Stocks A to Z / Stocks B / Berkshire Hathaway (BRK.A) ❤
No. of Recommendations: 3
From Barron's:
"Berkshire’s largest purchase was about $405 million of Occidental Petroleum. The buy of around 8.9 million shares raised Berkshire’s stake in the big energy company to 264.2 million shares, approximately a 28.1% stake."
No. of Recommendations: 1
Talking about OXY, sometimes you get lucky with options. Someone exercised (I was assigned someone's exercise) my $47 puts and threw away the remaining time value. It wasn't much time value, but it still isn't a rational trade. Maybe they expected to be away from internet/phone access on Friday?
So I essentially bought some more OXY this morning at about $46 net.
No. of Recommendations: 1
Large Cap Integrated Oil stocks are gifts
Pick your fave. OXY. XOM. whatever
No. of Recommendations: 0
I suspect when this happens someone is doing this intentionally. If you exercise a large amount of puts, a lot of people who got the stock may want to sell, creating marginal supply of the stock and driving people down.
No. of Recommendations: 0
Between xom and ccvx, i picked cvx because cvx has less international exposure and they are not talking about big capx
No. of Recommendations: 3
Not that it hasn’t been hashed into tiny granules, but another pass:
Buffett Violates Own Rule in Buying Occidental Stock
One of Warren Buffett’s favorite maxims is to stick with winners and not add to losing investments. His Berkshire Hathaway seems to be violating that principle with its recent purchases of Occidental Petroleum and Sirius XM Holdings stock.“
We are just the opposite of those who hurry to sell and book profits when companies perform well but who tenaciously hang on to businesses that disappoint. Peter Lynch aptly likens such behavior to cutting the flowers and watering the weeds,” Buffett wrote.

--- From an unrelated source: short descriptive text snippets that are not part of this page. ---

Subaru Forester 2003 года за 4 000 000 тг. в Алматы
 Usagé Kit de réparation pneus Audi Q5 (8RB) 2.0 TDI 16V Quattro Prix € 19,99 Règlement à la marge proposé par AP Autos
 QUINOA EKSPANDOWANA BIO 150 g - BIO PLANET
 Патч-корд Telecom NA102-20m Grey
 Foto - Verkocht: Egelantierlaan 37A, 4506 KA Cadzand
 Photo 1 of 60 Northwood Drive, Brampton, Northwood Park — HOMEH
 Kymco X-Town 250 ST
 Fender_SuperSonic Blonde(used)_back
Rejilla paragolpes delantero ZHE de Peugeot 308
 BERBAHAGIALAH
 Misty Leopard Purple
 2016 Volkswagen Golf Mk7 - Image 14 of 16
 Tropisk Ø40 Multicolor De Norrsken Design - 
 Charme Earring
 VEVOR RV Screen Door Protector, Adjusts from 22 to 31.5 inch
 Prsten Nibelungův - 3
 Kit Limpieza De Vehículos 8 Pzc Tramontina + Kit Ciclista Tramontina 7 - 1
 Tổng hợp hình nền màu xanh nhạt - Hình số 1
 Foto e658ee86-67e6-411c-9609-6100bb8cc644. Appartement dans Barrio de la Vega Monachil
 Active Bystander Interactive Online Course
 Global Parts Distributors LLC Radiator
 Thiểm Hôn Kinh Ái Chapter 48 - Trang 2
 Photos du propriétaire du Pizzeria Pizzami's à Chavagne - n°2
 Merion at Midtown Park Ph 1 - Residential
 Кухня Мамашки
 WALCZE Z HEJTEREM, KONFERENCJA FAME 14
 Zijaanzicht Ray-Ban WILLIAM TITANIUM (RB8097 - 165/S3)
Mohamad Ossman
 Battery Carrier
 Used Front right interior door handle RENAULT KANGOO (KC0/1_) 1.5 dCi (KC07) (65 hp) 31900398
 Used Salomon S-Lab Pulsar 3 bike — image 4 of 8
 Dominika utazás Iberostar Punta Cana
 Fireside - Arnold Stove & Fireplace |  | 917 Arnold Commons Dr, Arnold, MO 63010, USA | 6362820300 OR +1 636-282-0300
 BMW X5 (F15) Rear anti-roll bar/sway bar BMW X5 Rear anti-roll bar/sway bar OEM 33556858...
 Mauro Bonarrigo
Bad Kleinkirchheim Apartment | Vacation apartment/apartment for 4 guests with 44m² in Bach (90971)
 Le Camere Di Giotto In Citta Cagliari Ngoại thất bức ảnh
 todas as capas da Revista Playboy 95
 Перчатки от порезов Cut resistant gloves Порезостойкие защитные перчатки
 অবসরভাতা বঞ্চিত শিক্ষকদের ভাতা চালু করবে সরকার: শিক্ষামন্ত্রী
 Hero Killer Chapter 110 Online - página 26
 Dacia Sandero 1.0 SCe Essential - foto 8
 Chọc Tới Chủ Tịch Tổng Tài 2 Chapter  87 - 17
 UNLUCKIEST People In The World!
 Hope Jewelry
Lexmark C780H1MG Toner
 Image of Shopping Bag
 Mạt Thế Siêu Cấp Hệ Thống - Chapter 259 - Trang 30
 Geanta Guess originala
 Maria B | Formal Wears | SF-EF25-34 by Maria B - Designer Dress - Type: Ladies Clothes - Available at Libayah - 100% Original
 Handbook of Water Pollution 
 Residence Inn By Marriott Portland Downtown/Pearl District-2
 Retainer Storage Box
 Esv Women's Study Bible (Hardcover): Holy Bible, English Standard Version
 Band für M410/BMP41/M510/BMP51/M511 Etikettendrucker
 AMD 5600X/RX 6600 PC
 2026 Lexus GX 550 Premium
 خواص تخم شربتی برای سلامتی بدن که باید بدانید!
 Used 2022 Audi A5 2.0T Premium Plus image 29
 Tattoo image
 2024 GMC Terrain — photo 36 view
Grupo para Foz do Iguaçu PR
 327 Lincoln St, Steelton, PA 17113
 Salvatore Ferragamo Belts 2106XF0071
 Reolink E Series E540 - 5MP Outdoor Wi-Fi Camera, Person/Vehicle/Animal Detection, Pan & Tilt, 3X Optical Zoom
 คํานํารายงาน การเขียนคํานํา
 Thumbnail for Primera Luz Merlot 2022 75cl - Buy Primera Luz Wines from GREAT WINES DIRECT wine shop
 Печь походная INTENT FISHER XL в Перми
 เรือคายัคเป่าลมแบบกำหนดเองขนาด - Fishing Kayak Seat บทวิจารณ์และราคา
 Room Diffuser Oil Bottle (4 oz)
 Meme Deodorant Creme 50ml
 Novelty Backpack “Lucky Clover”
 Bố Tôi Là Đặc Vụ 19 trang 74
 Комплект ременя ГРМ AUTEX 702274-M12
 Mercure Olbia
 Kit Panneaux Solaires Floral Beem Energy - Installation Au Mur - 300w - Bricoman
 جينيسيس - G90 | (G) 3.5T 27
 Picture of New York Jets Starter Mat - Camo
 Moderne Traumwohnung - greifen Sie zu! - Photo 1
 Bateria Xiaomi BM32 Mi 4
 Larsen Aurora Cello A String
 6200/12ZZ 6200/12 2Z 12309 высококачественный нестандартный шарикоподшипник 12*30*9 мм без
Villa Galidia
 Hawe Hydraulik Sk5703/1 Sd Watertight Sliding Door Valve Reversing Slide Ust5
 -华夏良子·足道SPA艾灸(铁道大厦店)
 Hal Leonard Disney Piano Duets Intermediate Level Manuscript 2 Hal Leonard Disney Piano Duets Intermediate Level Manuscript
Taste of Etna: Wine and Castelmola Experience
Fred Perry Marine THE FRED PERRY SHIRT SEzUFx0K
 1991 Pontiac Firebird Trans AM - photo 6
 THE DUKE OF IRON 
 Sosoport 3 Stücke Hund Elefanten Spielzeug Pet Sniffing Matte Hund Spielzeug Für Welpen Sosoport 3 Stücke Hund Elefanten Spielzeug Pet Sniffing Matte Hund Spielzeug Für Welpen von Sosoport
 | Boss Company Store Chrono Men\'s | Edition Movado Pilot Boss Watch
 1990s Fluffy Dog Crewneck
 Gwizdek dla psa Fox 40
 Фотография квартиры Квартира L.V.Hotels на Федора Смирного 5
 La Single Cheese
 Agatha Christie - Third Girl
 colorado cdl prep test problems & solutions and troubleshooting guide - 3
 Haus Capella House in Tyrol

Buffett has generally hewed to that approach over the years, sticking with such big winners as American Express and Coca-Cola in Berkshire’s $300 billion portfolio.
But he went against principle when he cut Berkshire’s stake in Apple this year by two-thirds, to 300 million shares. In doing so he left more than $35 billion on the table and incurred a sizable tax bill that could total $20 billion, Barron’s estimates.